[Records from a data collection]
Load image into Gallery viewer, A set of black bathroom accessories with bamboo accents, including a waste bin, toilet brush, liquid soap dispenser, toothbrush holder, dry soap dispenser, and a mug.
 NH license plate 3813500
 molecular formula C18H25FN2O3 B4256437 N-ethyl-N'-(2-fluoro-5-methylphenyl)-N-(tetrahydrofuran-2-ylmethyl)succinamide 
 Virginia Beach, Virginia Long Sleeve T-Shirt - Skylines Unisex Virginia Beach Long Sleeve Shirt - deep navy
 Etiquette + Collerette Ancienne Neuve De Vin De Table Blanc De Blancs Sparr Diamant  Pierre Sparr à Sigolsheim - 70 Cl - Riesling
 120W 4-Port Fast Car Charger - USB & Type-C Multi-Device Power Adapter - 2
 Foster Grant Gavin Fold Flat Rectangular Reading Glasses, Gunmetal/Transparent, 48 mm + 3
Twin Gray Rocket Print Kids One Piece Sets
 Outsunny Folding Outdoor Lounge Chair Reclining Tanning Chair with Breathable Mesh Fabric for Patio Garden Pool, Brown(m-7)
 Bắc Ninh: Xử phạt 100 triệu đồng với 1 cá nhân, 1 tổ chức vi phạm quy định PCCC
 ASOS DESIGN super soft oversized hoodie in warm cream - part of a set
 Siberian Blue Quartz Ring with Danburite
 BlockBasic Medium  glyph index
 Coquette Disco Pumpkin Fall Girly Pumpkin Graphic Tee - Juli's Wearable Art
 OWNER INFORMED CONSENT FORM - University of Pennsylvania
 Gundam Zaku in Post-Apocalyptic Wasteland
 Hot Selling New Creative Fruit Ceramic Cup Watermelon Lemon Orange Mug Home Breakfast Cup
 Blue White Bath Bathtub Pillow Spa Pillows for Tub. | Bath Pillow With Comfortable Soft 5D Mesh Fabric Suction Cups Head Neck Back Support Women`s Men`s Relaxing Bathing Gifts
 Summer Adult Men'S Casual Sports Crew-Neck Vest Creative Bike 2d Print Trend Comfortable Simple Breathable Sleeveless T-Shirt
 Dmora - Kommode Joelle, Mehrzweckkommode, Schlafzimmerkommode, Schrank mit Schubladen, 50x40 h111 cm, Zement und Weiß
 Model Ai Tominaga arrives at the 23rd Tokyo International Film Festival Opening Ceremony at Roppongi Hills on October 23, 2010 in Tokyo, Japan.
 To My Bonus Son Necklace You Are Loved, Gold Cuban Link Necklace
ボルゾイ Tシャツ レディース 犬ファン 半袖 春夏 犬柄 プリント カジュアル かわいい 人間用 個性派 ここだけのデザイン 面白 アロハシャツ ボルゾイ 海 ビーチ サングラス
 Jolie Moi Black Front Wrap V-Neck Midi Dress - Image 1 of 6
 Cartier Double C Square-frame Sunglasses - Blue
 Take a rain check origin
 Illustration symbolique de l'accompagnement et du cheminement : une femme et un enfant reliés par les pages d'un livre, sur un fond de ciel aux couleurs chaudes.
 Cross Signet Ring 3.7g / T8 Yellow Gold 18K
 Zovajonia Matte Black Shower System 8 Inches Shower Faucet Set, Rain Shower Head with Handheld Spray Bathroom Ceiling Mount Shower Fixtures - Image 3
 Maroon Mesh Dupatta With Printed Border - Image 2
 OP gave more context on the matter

## Assignment:
The entries above should be repeated exactly, every one of them.

## Result for this task:
Load image into Gallery viewer, A set of black bathroom accessories with bamboo accents, including a waste bin, toilet brush, liquid soap dispenser, toothbrush holder, dry soap dispenser, and a mug.
 NH license plate 3813500
 molecular formula C18H25FN2O3 B4256437 N-ethyl-N'-(2-fluoro-5-methylphenyl)-N-(tetrahydrofuran-2-ylmethyl)succinamide 
 Virginia Beach, Virginia Long Sleeve T-Shirt - Skylines Unisex Virginia Beach Long Sleeve Shirt - deep navy
 Etiquette + Collerette Ancienne Neuve De Vin De Table Blanc De Blancs Sparr Diamant  Pierre Sparr à Sigolsheim - 70 Cl - Riesling
 120W 4-Port Fast Car Charger - USB & Type-C Multi-Device Power Adapter - 2
 Foster Grant Gavin Fold Flat Rectangular Reading Glasses, Gunmetal/Transparent, 48 mm + 3
Twin Gray Rocket Print Kids One Piece Sets
 Outsunny Folding Outdoor Lounge Chair Reclining Tanning Chair with Breathable Mesh Fabric for Patio Garden Pool, Brown(m-7)
 Bắc Ninh: Xử phạt 100 triệu đồng với 1 cá nhân, 1 tổ chức vi phạm quy định PCCC
 ASOS DESIGN super soft oversized hoodie in warm cream - part of a set
 Siberian Blue Quartz Ring with Danburite
 BlockBasic Medium  glyph index
 Coquette Disco Pumpkin Fall Girly Pumpkin Graphic Tee - Juli's Wearable Art
 OWNER INFORMED CONSENT FORM - University of Pennsylvania
 Gundam Zaku in Post-Apocalyptic Wasteland
 Hot Selling New Creative Fruit Ceramic Cup Watermelon Lemon Orange Mug Home Breakfast Cup
 Blue White Bath Bathtub Pillow Spa Pillows for Tub. | Bath Pillow With Comfortable Soft 5D Mesh Fabric Suction Cups Head Neck Back Support Women`s Men`s Relaxing Bathing Gifts
 Summer Adult Men'S Casual Sports Crew-Neck Vest Creative Bike 2d Print Trend Comfortable Simple Breathable Sleeveless T-Shirt
 Dmora - Kommode Joelle, Mehrzweckkommode, Schlafzimmerkommode, Schrank mit Schubladen, 50x40 h111 cm, Zement und Weiß
 Model Ai Tominaga arrives at the 23rd Tokyo International Film Festival Opening Ceremony at Roppongi Hills on October 23, 2010 in Tokyo, Japan.
 To My Bonus Son Necklace You Are Loved, Gold Cuban Link Necklace
ボルゾイ Tシャツ レディース 犬ファン 半袖 春夏 犬柄 プリント カジュアル かわいい 人間用 個性派 ここだけのデザイン 面白 アロハシャツ ボルゾイ 海 ビーチ サングラス
 Jolie Moi Black Front Wrap V-Neck Midi Dress - Image 1 of 6
 Cartier Double C Square-frame Sunglasses - Blue
 Take a rain check origin
 Illustration symbolique de l'accompagnement et du cheminement : une femme et un enfant reliés par les pages d'un livre, sur un fond de ciel aux couleurs chaudes.
 Cross Signet Ring 3.7g / T8 Yellow Gold 18K
 Zovajonia Matte Black Shower System 8 Inches Shower Faucet Set, Rain Shower Head with Handheld Spray Bathroom Ceiling Mount Shower Fixtures - Image 3
 Maroon Mesh Dupatta With Printed Border - Image 2
 OP gave more context on the matter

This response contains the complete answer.